----- TASK INPUTS

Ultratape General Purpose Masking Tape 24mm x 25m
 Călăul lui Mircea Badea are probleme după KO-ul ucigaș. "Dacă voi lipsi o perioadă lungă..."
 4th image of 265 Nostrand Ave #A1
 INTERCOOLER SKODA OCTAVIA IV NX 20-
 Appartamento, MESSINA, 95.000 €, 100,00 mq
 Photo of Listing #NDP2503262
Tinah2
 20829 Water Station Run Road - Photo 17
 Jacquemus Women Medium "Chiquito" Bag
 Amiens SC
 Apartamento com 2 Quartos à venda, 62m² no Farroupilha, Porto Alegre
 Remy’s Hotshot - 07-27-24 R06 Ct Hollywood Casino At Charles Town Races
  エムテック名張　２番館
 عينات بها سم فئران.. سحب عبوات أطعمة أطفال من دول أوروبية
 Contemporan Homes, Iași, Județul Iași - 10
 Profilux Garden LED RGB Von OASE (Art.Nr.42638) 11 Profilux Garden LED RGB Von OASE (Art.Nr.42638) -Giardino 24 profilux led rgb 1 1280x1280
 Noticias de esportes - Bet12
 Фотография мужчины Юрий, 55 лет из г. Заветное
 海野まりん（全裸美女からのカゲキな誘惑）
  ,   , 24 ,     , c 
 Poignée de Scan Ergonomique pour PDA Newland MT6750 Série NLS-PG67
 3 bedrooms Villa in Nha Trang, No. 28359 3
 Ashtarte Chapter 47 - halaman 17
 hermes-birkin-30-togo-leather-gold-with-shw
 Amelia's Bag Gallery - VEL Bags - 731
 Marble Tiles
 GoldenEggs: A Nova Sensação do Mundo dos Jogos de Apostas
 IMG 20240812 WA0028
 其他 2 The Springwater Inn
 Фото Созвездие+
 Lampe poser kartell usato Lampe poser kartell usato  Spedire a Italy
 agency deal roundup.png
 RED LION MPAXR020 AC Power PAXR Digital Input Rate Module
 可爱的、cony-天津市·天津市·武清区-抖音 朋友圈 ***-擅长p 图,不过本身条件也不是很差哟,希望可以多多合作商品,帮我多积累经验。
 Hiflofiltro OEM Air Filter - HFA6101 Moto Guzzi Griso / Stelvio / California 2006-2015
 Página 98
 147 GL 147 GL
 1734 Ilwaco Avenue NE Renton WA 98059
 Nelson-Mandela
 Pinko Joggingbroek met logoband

----------

ACTIVITY »
From the first line to the last, return the data exactly as written.

RESPONSE TO THE EXERCISE »
Ultratape General Purpose Masking Tape 24mm x 25m
 Călăul lui Mircea Badea are probleme după KO-ul ucigaș. "Dacă voi lipsi o perioadă lungă..."
 4th image of 265 Nostrand Ave #A1
 INTERCOOLER SKODA OCTAVIA IV NX 20-
 Appartamento, MESSINA, 95.000 €, 100,00 mq
 Photo of Listing #NDP2503262
Tinah2
 20829 Water Station Run Road - Photo 17
 Jacquemus Women Medium "Chiquito" Bag
 Amiens SC
 Apartamento com 2 Quartos à venda, 62m² no Farroupilha, Porto Alegre
 Remy’s Hotshot - 07-27-24 R06 Ct Hollywood Casino At Charles Town Races
  エムテック名張　２番館
 عينات بها سم فئران.. سحب عبوات أطعمة أطفال من دول أوروبية
 Contemporan Homes, Iași, Județul Iași - 10
 Profilux Garden LED RGB Von OASE (Art.Nr.42638) 11 Profilux Garden LED RGB Von OASE (Art.Nr.42638) -Giardino 24 profilux led rgb 1 1280x1280
 Noticias de esportes - Bet12
 Фотография мужчины Юрий, 55 лет из г. Заветное
 海野まりん（全裸美女からのカゲキな誘惑）
  ,   , 24 ,     , c 
 Poignée de Scan Ergonomique pour PDA Newland MT6750 Série NLS-PG67
 3 bedrooms Villa in Nha Trang, No. 28359 3
 Ashtarte Chapter 47 - halaman 17
 hermes-birkin-30-togo-leather-gold-with-shw
 Amelia's Bag Gallery - VEL Bags - 731
 Marble Tiles
 GoldenEggs: A Nova Sensação do Mundo dos Jogos de Apostas
 IMG 20240812 WA0028
 其他 2 The Springwater Inn
 Фото Созвездие+
 Lampe poser kartell usato Lampe poser kartell usato  Spedire a Italy
 agency deal roundup.png
 RED LION MPAXR020 AC Power PAXR Digital Input Rate Module
 可爱的、cony-天津市·天津市·武清区-抖音 朋友圈 ***-擅长p 图,不过本身条件也不是很差哟,希望可以多多合作商品,帮我多积累经验。
 Hiflofiltro OEM Air Filter - HFA6101 Moto Guzzi Griso / Stelvio / California 2006-2015
 Página 98
 147 GL 147 GL
 1734 Ilwaco Avenue NE Renton WA 98059
 Nelson-Mandela
 Pinko Joggingbroek met logoband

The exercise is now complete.